Exercise details: Look through the data below and show every line that includes "Limited".

Records from a dataset:
+---+
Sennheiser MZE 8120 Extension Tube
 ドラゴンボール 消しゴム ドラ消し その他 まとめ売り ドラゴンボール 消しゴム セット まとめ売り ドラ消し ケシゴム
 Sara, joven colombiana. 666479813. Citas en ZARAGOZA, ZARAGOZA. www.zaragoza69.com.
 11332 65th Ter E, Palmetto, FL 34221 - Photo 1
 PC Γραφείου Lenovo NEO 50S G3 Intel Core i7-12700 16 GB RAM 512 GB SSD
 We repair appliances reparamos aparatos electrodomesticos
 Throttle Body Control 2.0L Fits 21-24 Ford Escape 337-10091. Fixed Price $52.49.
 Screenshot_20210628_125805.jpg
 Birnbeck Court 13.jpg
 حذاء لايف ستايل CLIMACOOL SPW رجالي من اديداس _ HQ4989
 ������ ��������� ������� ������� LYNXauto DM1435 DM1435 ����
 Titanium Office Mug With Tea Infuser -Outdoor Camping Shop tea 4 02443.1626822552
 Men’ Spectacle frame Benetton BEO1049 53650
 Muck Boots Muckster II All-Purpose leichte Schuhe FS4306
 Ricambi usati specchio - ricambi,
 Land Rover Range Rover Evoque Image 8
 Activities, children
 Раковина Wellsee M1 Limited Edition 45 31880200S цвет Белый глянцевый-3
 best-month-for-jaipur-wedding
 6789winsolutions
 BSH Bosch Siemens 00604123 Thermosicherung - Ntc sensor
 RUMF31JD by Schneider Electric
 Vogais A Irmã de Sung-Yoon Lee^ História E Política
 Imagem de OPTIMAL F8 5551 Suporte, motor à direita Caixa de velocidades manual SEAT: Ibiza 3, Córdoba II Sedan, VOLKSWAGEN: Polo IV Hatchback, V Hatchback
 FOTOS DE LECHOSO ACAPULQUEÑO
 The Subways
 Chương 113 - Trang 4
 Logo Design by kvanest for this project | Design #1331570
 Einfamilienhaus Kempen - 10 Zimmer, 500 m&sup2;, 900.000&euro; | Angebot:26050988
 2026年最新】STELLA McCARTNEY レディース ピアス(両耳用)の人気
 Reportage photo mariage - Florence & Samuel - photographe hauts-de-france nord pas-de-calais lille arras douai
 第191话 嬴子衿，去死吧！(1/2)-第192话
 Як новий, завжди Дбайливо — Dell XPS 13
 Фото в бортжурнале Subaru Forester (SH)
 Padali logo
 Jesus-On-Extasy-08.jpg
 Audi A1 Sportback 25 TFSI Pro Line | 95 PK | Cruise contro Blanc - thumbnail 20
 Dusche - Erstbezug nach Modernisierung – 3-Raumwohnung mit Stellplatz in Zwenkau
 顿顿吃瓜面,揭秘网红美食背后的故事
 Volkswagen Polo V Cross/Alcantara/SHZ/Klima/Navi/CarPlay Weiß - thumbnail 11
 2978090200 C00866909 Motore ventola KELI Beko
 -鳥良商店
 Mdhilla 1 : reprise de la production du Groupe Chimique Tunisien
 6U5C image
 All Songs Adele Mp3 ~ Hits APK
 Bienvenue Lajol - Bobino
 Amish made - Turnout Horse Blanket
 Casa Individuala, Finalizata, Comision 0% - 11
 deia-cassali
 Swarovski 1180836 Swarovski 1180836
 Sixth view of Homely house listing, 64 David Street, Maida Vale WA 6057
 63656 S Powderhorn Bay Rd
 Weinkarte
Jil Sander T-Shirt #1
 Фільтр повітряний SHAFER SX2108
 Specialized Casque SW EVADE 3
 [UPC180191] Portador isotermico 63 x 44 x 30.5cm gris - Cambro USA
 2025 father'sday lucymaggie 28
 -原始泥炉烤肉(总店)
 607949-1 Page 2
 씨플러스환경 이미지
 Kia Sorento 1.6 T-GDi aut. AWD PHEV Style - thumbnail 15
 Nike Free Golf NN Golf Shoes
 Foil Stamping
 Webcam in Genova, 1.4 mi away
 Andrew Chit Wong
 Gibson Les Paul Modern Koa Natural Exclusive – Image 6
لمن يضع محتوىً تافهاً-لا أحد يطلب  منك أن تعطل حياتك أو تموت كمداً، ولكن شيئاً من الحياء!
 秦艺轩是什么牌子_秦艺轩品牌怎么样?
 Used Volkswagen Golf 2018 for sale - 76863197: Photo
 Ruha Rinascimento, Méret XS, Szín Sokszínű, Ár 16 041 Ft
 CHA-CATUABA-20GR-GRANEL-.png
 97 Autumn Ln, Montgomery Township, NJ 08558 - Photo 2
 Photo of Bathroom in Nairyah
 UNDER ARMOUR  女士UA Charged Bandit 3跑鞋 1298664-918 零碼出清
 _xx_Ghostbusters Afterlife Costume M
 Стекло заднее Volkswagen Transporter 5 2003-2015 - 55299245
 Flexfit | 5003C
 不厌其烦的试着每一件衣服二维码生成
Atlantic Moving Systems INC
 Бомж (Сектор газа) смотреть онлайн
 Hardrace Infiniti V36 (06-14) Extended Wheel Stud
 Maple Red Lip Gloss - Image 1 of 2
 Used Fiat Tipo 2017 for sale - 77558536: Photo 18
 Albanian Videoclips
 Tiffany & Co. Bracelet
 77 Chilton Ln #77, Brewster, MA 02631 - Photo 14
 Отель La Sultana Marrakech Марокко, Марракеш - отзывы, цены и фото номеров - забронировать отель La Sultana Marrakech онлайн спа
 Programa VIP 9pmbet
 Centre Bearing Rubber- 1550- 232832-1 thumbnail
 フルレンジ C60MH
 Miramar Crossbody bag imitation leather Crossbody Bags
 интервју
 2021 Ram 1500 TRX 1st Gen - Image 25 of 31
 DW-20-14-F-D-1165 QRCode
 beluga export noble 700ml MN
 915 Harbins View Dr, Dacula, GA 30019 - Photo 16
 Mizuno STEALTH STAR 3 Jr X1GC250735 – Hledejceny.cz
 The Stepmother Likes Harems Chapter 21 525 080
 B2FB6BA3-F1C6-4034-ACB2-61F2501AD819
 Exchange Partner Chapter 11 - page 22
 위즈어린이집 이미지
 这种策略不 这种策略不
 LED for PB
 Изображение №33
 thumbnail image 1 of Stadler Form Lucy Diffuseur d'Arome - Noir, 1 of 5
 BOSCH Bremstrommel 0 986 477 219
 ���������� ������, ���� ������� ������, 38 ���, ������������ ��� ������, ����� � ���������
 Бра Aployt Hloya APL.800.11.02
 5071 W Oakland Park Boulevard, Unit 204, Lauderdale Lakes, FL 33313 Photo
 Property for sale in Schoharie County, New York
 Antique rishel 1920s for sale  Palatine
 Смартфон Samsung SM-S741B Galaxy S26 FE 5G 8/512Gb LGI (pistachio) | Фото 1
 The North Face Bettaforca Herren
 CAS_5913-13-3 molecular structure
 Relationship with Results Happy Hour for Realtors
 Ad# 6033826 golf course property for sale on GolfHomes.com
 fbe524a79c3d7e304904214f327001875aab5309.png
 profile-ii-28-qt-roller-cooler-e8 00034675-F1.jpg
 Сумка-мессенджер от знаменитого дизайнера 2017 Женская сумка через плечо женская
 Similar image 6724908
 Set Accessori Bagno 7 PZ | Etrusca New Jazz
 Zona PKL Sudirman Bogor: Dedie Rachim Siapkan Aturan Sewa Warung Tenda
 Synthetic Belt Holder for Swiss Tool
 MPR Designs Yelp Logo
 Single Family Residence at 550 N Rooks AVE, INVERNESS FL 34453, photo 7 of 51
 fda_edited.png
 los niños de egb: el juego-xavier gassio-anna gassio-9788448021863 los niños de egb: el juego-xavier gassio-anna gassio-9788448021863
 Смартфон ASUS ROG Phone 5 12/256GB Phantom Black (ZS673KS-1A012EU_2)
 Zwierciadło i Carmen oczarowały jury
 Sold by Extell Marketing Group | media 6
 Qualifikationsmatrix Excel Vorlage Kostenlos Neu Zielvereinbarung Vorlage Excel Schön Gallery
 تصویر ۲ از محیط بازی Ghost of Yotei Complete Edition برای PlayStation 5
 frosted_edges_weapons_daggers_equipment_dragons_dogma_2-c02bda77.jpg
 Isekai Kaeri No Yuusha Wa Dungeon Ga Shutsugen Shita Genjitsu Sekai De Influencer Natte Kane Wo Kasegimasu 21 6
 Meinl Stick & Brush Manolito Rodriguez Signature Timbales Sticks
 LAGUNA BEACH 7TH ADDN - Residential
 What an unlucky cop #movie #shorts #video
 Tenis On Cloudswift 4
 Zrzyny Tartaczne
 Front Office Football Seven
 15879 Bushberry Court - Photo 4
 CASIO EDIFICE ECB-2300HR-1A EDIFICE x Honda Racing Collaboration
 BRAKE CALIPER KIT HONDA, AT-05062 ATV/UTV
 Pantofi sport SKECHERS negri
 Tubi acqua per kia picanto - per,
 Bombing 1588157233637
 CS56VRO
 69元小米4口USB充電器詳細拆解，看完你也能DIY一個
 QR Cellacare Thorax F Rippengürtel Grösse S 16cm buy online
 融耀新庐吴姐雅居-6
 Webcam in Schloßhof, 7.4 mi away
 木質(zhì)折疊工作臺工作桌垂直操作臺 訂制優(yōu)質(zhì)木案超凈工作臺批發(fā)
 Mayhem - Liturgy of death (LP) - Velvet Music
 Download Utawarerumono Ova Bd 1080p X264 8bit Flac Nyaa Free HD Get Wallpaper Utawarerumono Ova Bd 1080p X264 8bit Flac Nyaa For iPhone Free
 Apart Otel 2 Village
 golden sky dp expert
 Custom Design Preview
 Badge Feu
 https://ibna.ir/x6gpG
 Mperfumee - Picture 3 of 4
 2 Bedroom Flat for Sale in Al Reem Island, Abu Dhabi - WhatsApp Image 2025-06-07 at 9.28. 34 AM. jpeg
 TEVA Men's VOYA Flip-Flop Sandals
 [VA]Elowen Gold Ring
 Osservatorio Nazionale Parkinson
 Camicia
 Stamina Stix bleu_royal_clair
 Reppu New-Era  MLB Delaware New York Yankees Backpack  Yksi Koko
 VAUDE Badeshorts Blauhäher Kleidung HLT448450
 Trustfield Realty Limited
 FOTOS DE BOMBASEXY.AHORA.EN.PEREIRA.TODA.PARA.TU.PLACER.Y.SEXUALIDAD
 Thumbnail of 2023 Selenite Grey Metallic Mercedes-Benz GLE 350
+---+
Response area:
 Раковина Wellsee M1 Limited Edition 45 31880200S цвет Белый глянцевый-3
 Trustfield Realty Limited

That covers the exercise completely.